白石奈都子
お手紙
最後に手紙を書いたのはいつだったろうか?
そう思う方も少なくないと思う。
以前、硬筆で書道を教える仕事に携わった際、お客様の中で「手紙も書きたいけど、きれいな字が書けないから恥ずかしい」と仰る方がいた。この方だけでなく、日本人の美意識なのか「きれいに書きたい」「自分の文字が恥ずかしい」という声はよく聞く。
各言う私も、美しく日本語を書きたい気持ちもあるからこそ書道を続けてきたので、その人心は共感できる。先様に送り、読んでいただくものだから、きれいな文字で書きたいという心肝は、寧ろ日本人の美学とも言えるかもしれない。
筆を日常で使っていた時代、江戸以前の武将や貴人、文人、商人など所謂「書家」ではない人々も、ただの書簡や政治的などの事務書類でも、しなやかな草書、力強い楷書や行書、優美な仮名、これらで実に美しく、魅力的な文字を書いていた。
だが、私がこれまで感じていた書簡のイメージを覆す手紙があった。細川ガラシャの手紙である。
書の造詣が深い方や戦国時代について博識強記な方は精通しているかと思うが、そうでない方も名前だけは知っている人も多いと思う。私もそれまでは教科書の中の人という記憶しか持ち合わせていなかった。

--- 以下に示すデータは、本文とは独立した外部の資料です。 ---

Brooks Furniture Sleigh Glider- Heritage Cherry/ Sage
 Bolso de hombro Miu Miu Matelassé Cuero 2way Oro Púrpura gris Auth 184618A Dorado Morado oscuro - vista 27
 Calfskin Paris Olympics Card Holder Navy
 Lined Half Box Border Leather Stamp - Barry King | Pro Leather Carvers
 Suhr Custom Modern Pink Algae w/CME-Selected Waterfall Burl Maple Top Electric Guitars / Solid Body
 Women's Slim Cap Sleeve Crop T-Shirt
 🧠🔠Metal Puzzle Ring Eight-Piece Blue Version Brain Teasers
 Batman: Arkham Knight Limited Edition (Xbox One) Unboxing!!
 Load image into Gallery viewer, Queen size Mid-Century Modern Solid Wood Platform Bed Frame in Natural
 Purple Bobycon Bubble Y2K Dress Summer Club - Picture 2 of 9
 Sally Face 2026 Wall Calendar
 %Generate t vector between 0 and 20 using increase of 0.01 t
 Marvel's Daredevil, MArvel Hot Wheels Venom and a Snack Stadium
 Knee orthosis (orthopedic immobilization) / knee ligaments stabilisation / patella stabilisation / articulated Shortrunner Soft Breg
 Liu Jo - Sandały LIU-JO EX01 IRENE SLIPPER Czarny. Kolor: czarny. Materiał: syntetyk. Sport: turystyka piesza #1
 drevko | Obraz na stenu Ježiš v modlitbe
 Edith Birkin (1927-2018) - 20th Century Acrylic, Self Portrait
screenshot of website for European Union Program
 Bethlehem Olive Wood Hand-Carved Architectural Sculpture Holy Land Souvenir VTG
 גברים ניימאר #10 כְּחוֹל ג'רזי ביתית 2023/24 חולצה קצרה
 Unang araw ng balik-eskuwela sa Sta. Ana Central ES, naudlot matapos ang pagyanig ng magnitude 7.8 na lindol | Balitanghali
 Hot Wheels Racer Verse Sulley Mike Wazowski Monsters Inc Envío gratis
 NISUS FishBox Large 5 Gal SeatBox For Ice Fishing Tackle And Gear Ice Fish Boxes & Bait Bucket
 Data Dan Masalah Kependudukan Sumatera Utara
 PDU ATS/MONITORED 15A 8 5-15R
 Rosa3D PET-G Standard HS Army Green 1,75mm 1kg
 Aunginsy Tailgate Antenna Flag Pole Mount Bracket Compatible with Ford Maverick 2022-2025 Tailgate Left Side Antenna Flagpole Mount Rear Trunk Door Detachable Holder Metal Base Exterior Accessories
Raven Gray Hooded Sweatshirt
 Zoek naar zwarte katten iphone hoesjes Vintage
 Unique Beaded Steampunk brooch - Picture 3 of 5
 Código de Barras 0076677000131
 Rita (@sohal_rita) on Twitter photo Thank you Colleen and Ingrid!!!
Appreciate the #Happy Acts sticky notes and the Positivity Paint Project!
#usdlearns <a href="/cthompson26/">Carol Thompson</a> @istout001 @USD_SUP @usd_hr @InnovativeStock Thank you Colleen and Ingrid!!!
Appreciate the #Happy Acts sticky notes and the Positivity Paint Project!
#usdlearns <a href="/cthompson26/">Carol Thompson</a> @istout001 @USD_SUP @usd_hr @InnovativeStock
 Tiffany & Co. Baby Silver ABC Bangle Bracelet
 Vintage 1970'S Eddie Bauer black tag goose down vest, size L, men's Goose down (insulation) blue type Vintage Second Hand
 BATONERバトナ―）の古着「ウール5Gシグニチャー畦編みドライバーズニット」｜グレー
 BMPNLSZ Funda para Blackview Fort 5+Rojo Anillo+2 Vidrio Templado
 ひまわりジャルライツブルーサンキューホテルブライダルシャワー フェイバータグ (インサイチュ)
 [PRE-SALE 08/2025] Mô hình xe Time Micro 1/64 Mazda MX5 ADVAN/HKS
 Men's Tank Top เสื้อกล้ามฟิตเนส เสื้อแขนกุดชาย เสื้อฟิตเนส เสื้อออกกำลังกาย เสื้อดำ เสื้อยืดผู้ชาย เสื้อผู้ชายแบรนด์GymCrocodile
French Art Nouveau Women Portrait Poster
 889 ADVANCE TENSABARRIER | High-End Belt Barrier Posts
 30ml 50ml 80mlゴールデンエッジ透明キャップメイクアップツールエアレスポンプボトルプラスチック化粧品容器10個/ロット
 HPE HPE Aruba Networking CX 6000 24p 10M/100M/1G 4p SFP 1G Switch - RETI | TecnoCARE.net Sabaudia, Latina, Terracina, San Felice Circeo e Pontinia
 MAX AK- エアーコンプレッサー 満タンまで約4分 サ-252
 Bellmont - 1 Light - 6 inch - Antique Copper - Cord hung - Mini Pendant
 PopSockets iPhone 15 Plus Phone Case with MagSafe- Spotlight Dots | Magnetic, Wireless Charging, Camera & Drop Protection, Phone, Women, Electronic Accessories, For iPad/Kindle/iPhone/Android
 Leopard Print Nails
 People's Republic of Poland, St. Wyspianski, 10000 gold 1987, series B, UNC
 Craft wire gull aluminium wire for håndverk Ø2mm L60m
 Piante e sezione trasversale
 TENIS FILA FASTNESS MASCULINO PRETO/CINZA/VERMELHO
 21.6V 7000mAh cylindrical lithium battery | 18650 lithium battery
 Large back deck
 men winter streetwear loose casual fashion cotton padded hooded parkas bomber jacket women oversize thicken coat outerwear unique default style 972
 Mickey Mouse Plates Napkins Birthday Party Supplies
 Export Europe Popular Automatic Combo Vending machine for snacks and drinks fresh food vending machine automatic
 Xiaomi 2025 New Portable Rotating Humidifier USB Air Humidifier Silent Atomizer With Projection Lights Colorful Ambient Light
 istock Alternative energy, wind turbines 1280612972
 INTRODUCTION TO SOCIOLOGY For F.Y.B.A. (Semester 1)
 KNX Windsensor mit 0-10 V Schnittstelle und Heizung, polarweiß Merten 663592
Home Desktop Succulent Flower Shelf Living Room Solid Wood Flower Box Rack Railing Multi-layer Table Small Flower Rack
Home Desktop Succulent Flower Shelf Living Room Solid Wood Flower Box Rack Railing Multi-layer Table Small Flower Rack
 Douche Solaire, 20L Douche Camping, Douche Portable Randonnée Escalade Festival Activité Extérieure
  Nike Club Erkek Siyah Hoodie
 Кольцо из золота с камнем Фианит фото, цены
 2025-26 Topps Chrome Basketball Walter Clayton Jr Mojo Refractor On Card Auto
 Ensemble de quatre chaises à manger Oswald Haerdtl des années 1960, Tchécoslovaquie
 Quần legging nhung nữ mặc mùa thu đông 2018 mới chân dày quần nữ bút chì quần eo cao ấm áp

明智光秀の娘で本名は明智珠(玉)。細川忠興の正室となり、父の謀反「本能寺の変」が元で家庭不和や幽閉、隔離された生活を送り、その生活の中でキリスト教に惹かれ、帰依したと言われる。
その紆余曲折の中で綴ったガラシャの手紙がある。昔の貴人女性の手紙といえば、流麗で女性らしい柔らかな仮名文字で書かれていることが多いが、彼女の手紙は私が勝手に描いていた「深窓のガラシャ姫様」の像を覆す書だった。
現代の「お手紙の書き方」というと、書き出しは一文字空けて、行頭と行末を揃えて、、、などというお作法を小学校で習ったかと思う。ガラシャの書いた手紙は、『散らし書き』という書き方で、法則性はあるがその名の通り散らして書く書き方。平安時代の和歌というと、想像しやすいかと思う。行頭や行末、行間を揃えず、文字のサイズも抑揚をつけ、墨の濃淡、掠れもアリという書き方だ。
ガラシャのお手紙は、夫・忠興や小侍従などに宛てたもので、内容はよくある息災や家庭の報告だが、その時々の彼女の感情や奔放で芯のある性格を表しているような、高潔な中に強さのある、男性のような筆跡であった。
無論、人物として魅力があり、達筆が故に魅力的な書として注目されていることもあるが、「書は人なり」とも言われるように、正に人となりが感じられ、惹きつけられる書簡の一つだと思う。
私も、ちょっとガラシャに会ってみたくなった。
書道に関する云々は差し置いて、ガラシャのお手紙を見るとこんな感じに書いてもいいんだ、とちょっと書きたくなる、そんな手紙だった。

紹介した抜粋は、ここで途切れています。